The castle has been abandoned since 1991.
The castle still belongs to the Liederkerke-Beaufort family, who weren’t willing to sell or renovate it, so the structure is in ruins today.
14- Annevoie Castle
Annevoie is another famous Belgian castle located in the village of Annevoie-Rouillon in the province of Namur.
It was constructed during the 17th century and belonged to several noble families over the years.
The highlight here is the extensive water garden, one of the great cultural treasures of the country’s Wallonia region.
The Gardens of Annevoie, built during the 18th century, are full of water jets, ponds, canals, fountains, and waterfalls, making it a popular tourist attraction in the region.
15- Borrekens Castle
Also called the Castle of Vorselaar, Borrekens is one of the picturesque castles in the province of Antwerp in Belgium.
It was built during the late 13th century by the Van Rotselaar family – a well-known family of noblemen who served at the Dukes of Brabant court.
The structure was renovated in the 17th century, but it got its current neo-Gothic appearance in the 19th century.
Since its establishment, the castle changed hands several times, and today, it is private property.
It’s not open to the public, however, the beautiful park in which it is located is free to visit at any time.
16- Jehay-Bodegnee Castle
Located in the province of Liege, this castle was originally a 12th-century medieval structure that served as the residence for several noble families.
However, the original building suffered so much damage over the centuries.
The current structure of the castle dates back to the 16th century.

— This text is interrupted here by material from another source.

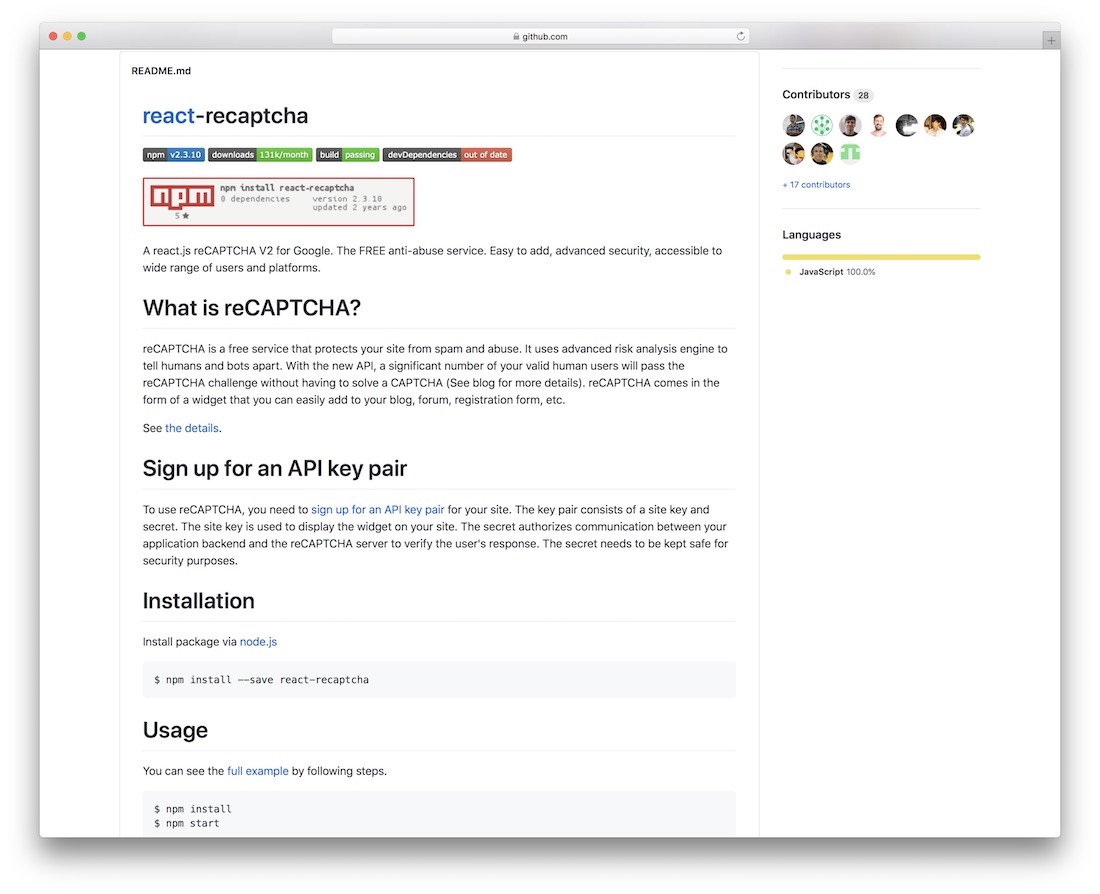 Google reCAPTCHA für React js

Some changes were also made during the 19th century when the castle was renovated and extended in the Gothic style.
Jehay-Bodegnee Castle is quite different from other castles as it operates as a museum now.
Visitors can look at the exquisite collection of antique furniture pieces, paintings, and tapestries.

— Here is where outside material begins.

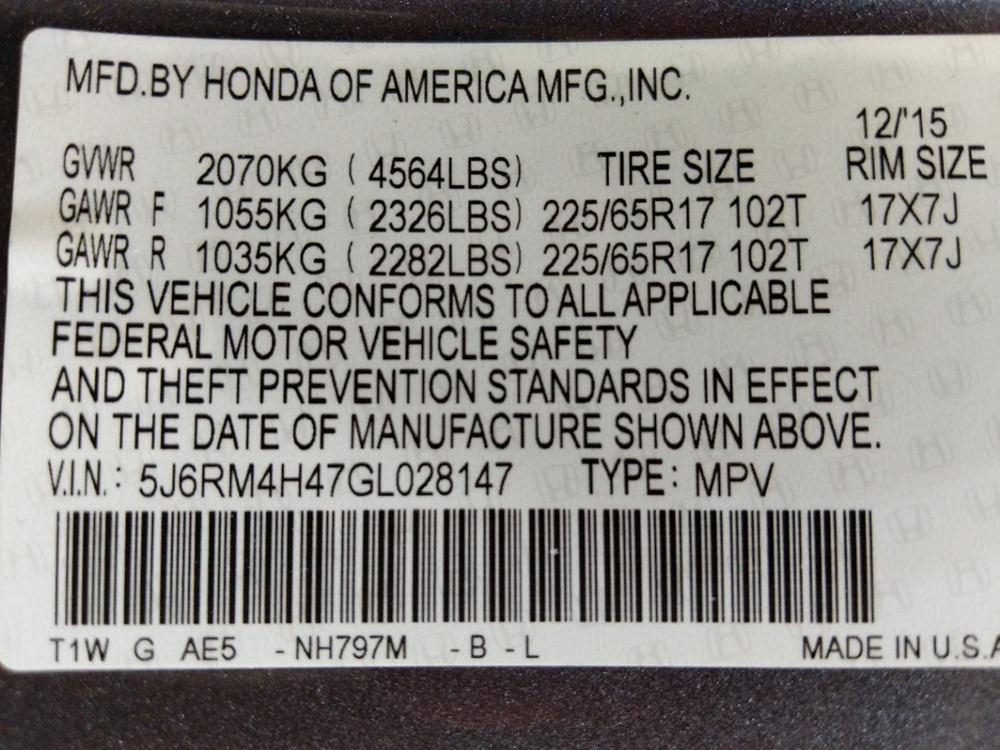 2016 Honda CR-V - VIN Plate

17- La Roche-en-Ardenne Castle
Sitting atop the valley of the Ourthe River, La Roche-en-Ardenne Castle was constructed between the 11th- and 13th-centuries to protect the town of La Roche.
The fortress had an important strategic position, and as a result, it was captured by French King Louis XIV and his armed forces in 1681.
In the late 18th century, the structure was no longer inhabited and later fell into despair and ruins.
La Roche-en-Ardenne Castle is at Rue du, Vieux Chateau 4, 6980 La Roche-en-Ardenne, Belgium.
18- Bouillon Castle
Bouillon Castle is one of the oldest remains of feudalism in the country that sits on an outlying rock looking over a quaint tiny town.
The castle was constructed before the 10th century as the residence for the Dukes of Ardenne.
In 1090, when its owner, Godefroy de Bouillon, became the first Crusader to leave for the Holy Lands, he mortgaged the property for his journey and lost it in the end.
Nowadays, the site features an educational falconry exhibition and remains open to the public throughout the year.
Bouillon Castle is at Esplanade Godefroy 1, 6830 Bouillon, Belgium.
19- Bornem Castle
Also called De Marnix de Sainte-Aldegonde Castle, Bornem Castle is now a country house, formerly a castle, situated on the Oude Schelde.
The original structure was constructed in the 10th century to defend against the incursions of the Vikings and Normans.
In the 19th century, the castle was flattened, and a new, extended structure was constructed as its replacement.
Today, the building remains in the ownership of John de Marnix de Sainte-Aldegonde, and the visitors are welcome to see the museum on the grounds.
Bornem Castle is at Kasteelstraat 34, 2880 Bornem, Belgium.
20- Crupet Castle
It is another fairytale castle built as an 11th-century moated donjon kept by the Crupet family.
The castle was transformed from a simple country house into a luxe Renaissance castle during the 16th century when the Carondelet family purchased it.
Today, the castle stands in the lake and connects to the land through a stone bridge.
It is the private property of the Limbosch family these days.
Crupet Castle 5332, Rue Basse 27, 5332 Assesse, Belgium.